**EXERCISE**. Every line from the one with "John Deere Late" through the end of the entries below should be written out exactly; the pictures should not.

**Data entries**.
======

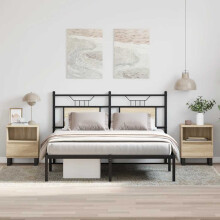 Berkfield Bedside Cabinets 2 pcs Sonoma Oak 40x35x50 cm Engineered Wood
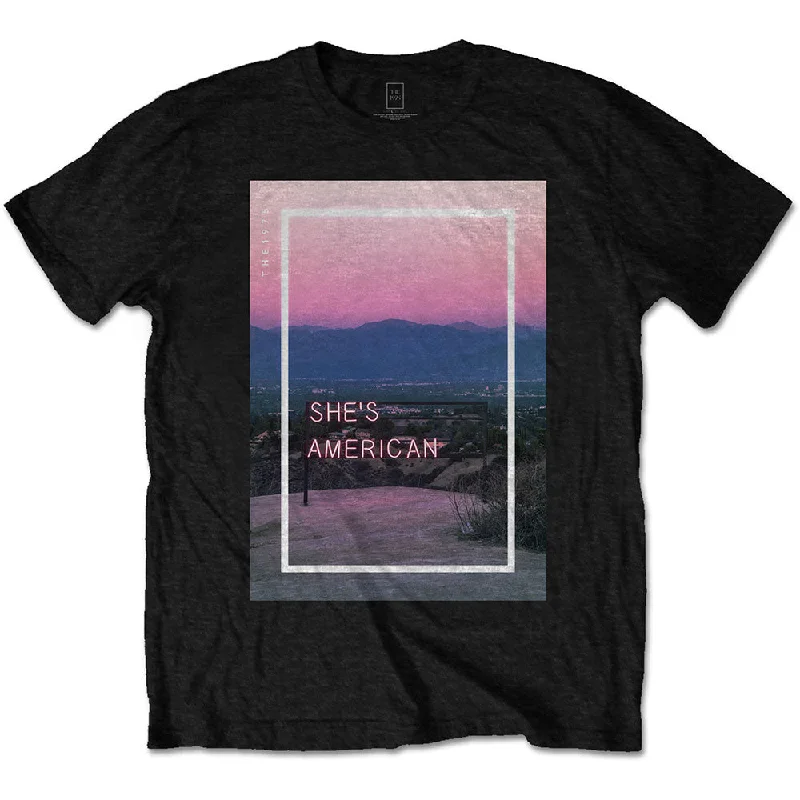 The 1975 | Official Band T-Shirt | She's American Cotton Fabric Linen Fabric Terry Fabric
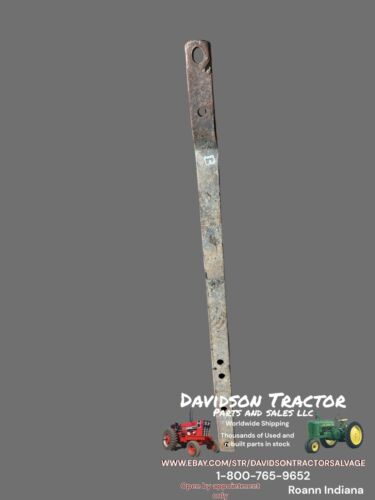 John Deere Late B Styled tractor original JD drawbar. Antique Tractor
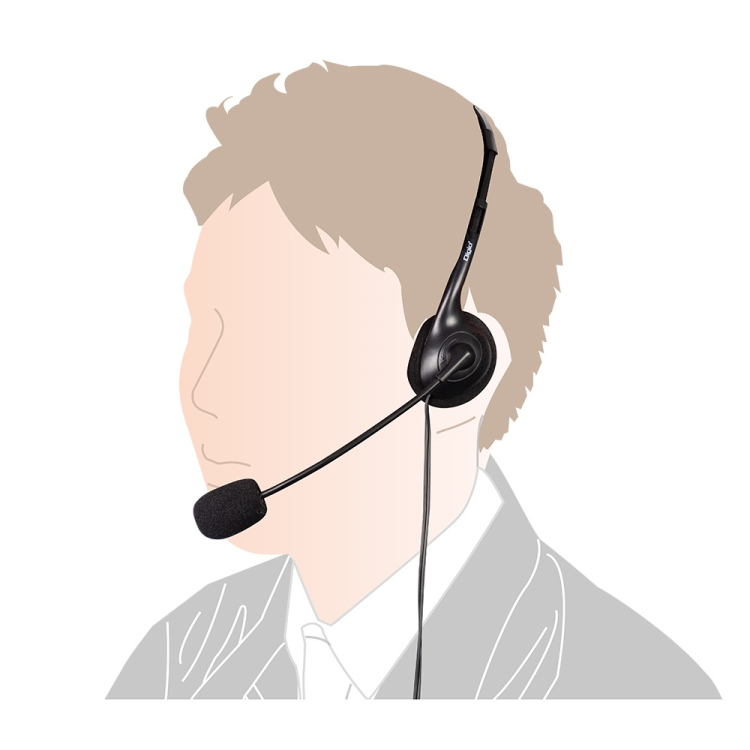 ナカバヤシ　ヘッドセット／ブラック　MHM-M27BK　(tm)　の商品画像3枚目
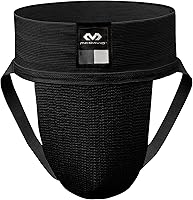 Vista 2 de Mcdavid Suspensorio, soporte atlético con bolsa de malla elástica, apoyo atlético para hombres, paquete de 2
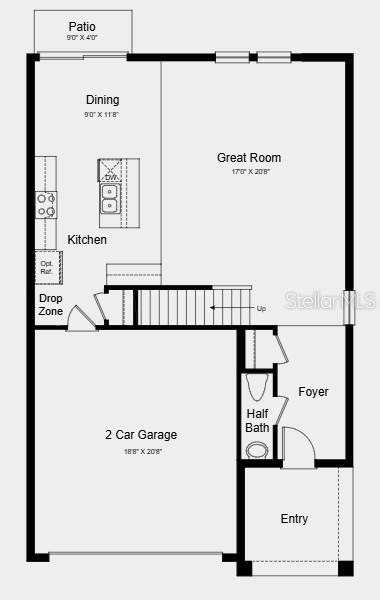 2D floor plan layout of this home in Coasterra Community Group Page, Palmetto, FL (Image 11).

======

**EXERCISE OUTPUT**.
 John Deere Late B Styled tractor original JD drawbar. Antique Tractor
 ナカバヤシ　ヘッドセット／ブラック　MHM-M27BK　(tm)　の商品画像3枚目
 Vista 2 de Mcdavid Suspensorio, soporte atlético con bolsa de malla elástica, apoyo atlético para hombres, paquete de 2
 2D floor plan layout of this home in Coasterra Community Group Page, Palmetto, FL (Image 11).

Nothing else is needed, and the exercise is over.